I made my written submission to the committee with Máiréad Enright, reader at Birmingham Law School, and Dr. Sinéad Ring, assistant professor at Maynooth University School of Law.

Since 2009, I have been researching, writing and advocating on the topic of the State’s constitutional law, as well as international and European human rights law, responsibilities towards those who were abused as children or women - incarcerated, tortured, forced into servitude, systematically degraded, denied identity and education and separated from family members - and those who died in the network of Catholic Church-related, State-supported institutions and the forced adoption system of the 20th century.

It is absolutely clear to me that an overriding human rights violation is continuing to affect every single person who experienced abuse in that network, as well as their families. That is the State’s failure to date to ensure truth-telling through the production of both its own State records and the records held by non-State bodies, which relate to the individuals who suffered abuse and the administration of the institutions and the network as a whole.

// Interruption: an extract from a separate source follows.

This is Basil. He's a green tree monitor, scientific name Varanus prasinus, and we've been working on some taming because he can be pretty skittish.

The failure to produce the records and to house them in an archive where individuals can retrieve their own life and family history, along with where administrative records and voluntarily deposited testimony can contribute to national education, undermines all efforts at reparation. At the time of the Ryan commission’s work, European and international human rights law required that survivors should have had access to the substance of the evidence that the investigation was considering so they could have commented on it and suggested further lines of inquiry.

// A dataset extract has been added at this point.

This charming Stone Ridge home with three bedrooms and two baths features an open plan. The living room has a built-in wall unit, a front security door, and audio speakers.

I have major concerns that the State’s investigating practice continues to breach this requirement, a basic one under European international human rights law. For example, the ongoing mother and baby homes commission is proceeding entirely in private. Survivors who have requested public hearings of their own evidence have been denied them. Survivors have no access to any of the evidence being gathered. They are also being denied a copy of their own transcript of evidence, as well as their own personal records that the commission holds of the death and burial of family members. As for the McAleese committee’s State records relating to the Magdalen laundries, the Department of the Taoiseach is currently holding that entire archive secret, claiming it is holding it for safekeeping and not for the purposes of the Freedom of Information Act. This is the general approach.

Beyond the right to an effective investigation that survivors of industrial and reformatory schools had at the time of the redress board and the Ryan commission, the secrecy of these records violates other reparation rights. Without records, personal rehabilitation is gravely hampered. Without records, revisionism by those who would prefer the past to disappear is a risk, while memorialisation and national education – basic human rights obligations in this context - are not what they should be. Without records, accountability is denied.

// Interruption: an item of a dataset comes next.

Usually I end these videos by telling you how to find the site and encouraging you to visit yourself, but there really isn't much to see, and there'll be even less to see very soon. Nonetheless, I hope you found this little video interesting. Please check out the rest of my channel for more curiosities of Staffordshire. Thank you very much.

We know that Garda investigations into the residential schools were insufficient. If survivors and their advocates cannot access records or information, they cannot press for investigations or prosecutions. Due to the passage of time, however, and because of the redress board legal waiver, criminal and civil legal accountability have become less available. At this point, access to records and national truth-telling is where accountability lies. It is where dignity lies. It is a vital measure of justice.

I recommend that, while work is ongoing to consult on and redesign the Retention of Records Bill, some small but crucial amendments should be made to existing legislation. I can make these amendments available to committee members later. I recommend that the Commission to Inquire into Child Abuse Act 2000 and the Residential Institutions Redress Act 2002 be amended to state explicitly that survivors and relatives of children who died while incarcerated have a right to all personal data held in those archives, including information about how they were treated by others, in the interests of vindicating their right to a remedy and respecting their right to privacy. I recommend section 28(6) of the Residential Institutions Redress Act 2002 be amended to make clear that it does not prohibit survivors from publishing information about their own life experiences.

I draw the committee’s attention in particular to section 3 of our joint submission which explains our understanding of the existing legislative provisions, including that the Ryan commission’s archive currently appears to fall within the remit of the National Archives.